Obviously, a time of separation gives you reasons to reflect on your life and relationship. Not all lessons are about the relationship itself. Some are useful in other situations. All have come with a lot of sadness, pain, and struggle. But good things, too. Some of you are on the run, to escape a real threat to your welfare. Others don’t have that layer of fear, but are still struggling with significant challenges including financial.
- There is such a thing as remote control memory. At home, we have the same remote upstairs and downstairs, one I’ve used for over a decade. Here, the remote is quite different. My fingers don’t naturally know the order of the buttons so I’m constantly opening the wrong screen, hitting the main menu button, and squinting at the remote to figure out where I did wrong. Don’t get me started on turning on and off close captions. E and I have an agreement that he’s in charge of the remote. This reduces my utterances of “Oh Fuck” when the telly is on.
- When you stay in a friend’s home for months, you pick up on things like how to use the washer, where the packages are delivered, which food is up for grabs. But what never changes in waking in the middle of the night and thinking, for just a brief second, that you are home. I still expect the dresser to be in a certain space. I expect to hear someone breathing. Then it comes rushing back and you simply shut it off so you can pee and return to your new bed without stubbing your toe.
- Lawyers can be compassionate and supportive, but damn – paying for anything by increments of 2.4 minutes is awful. Also, get a lawyer. You will need $3000-5000 for a retainer. That seems impossible for a lot of us. But it is absolutely essential. If you know someone who needs a lawyer, give what you can. Separation isn’t cheap, either.
- I wanted the cats of my friends to visit me, so I put catnip on a cat bed on my bed. They love me. Truly.
- Living in a house with two teenagers is wondrous. Also, loud.
- Taking things one day, hour, or moment at a time can work. You can lie down on Day 2 wondering WTF just happened to your life and wake up on Day 140 still determined to do everything and anything to have your rights respected. You may not succeed because the legal system isn’t fair, but you can keep trying. And the one day/hour/moment mindset keeps you from being overwhelmed. Separation from all that you know sucks.
- Ask for help to save yourself. Tell the true unadulterated story about your situation and ask for help. Accept the help. Keep asking. Keep accepting. One day, you’ll be the helper. But not today. And that’s just fine.
- Always have your documents ready to go – state ID, birth certificate, passport, etc. Put in an envelope and make sure someone knows where it is located. Give a set of copies to a trusted friend.
- Memorize at least three phone numbers of folx who will always answer their phone. My friend Sarah H. always answers her phone. This is good for most crisis situations. If I can reach her, she can reach other people for me. Separation from my cell phone doesn’t mean I’m disconnected.
- Learn your legal rights and fight like hell for them. It might take months. It is essential you don’t give up. Also, a tactical retreat is not the same thing as giving up. There’s no such thing as common law marriage in Pennsylvania. The Commonwealth still has an anti-LGBTQ marriage law on the books. Pennsylvania does not have a legal status of separation, but it does use the term in Family Court. Learn these things. Don’t assume. It isn’t fair and it isn’t always just. But it IS happening and you need to wrap your mind around it.
- Get paper copies of everything -legal documents, medical paperwork, everything. If you can scan into the cloud, great.
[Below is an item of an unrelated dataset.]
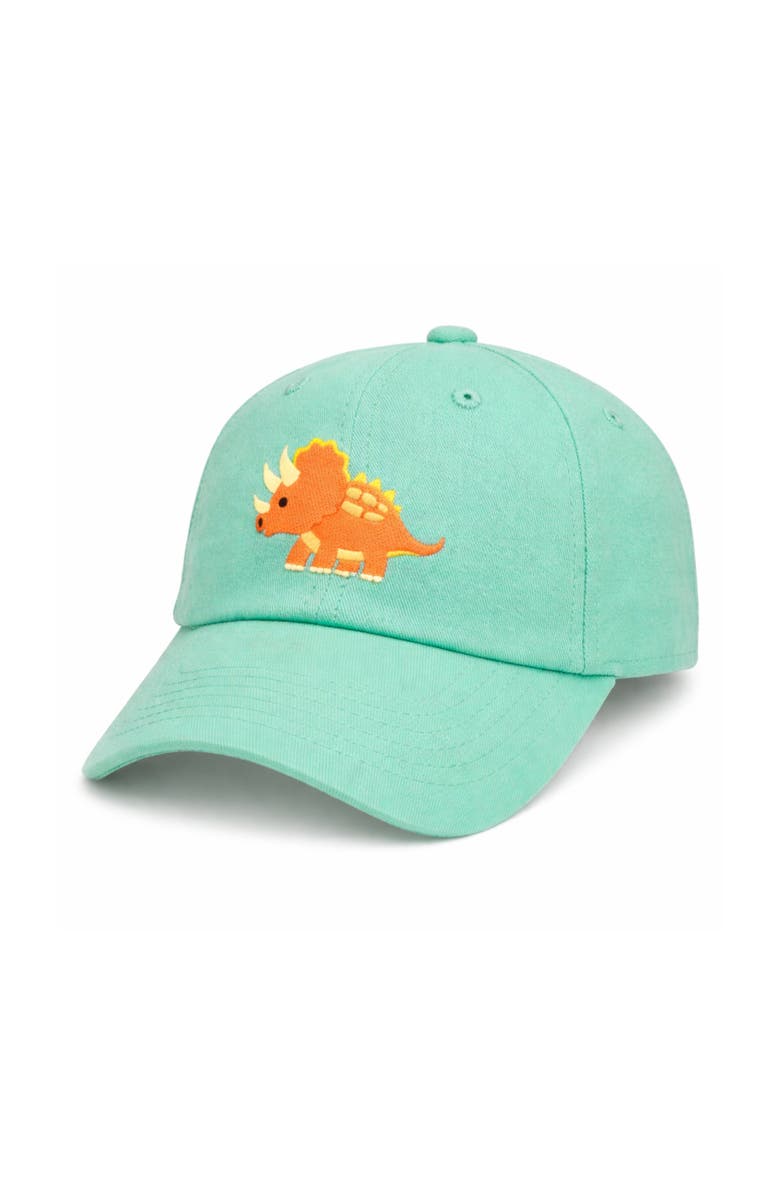 Bits & Bows Triceratops Baseball Hat, Alternate, color, Green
- People will inundate you with advice, especially the “programs” they’ve heard about where you get a pro bono lawyer, cheap housing, lots of food, and the ongoing chance to grovel. Don’t listen to them. Call the programs – 211, Just Harvest, ACTION Housing, Pgh Food Bank, etc. Get on Facebook and post in the mutual-aid groups. There are sources of help, but poverty survival tactics and trauma survival tactics are not intuitive. Find people who know what they are talking about, not someone with a perception of what they should be. When I went the pro bono legal clinic, I knew that they had limited jurisdiction. The lawyer who took my PFA case was great, but blunt – get a lawyer she said. People who have direct experience, know. People who think they know, probably don’t.
- There is no gesture so humbling as a 12 year old giving you his bunk bed and sleeping on the living room floor, without complaint, for months. It changes your heart. It changes you.
Learning moment to moment has been helpful. Stopping to think about it at this point in time is comforting and frightening. We never talk about these things. We keep them tightly bound to protect ourselves, but really to avoid facing hard truths.
My journey since August has been bumpy. Each time things go down, I breathe deeply until they go up again. I try not to succumb to the fear, sadness, and grief but I don’t ignore them.
I cry. Alone at night in bed. Weep is perhaps a better term.
My goal right now is to get back to my home and care for my cats. Whatever comes next will have to wait until I accomplish this. So I don’t worry about it.
You may be separated in time and distance from your family, your home, and what seems like your whole life. As you knew it. But you are strong, the CEO of your life so to speak. You got yourself to this point. You’ve got this.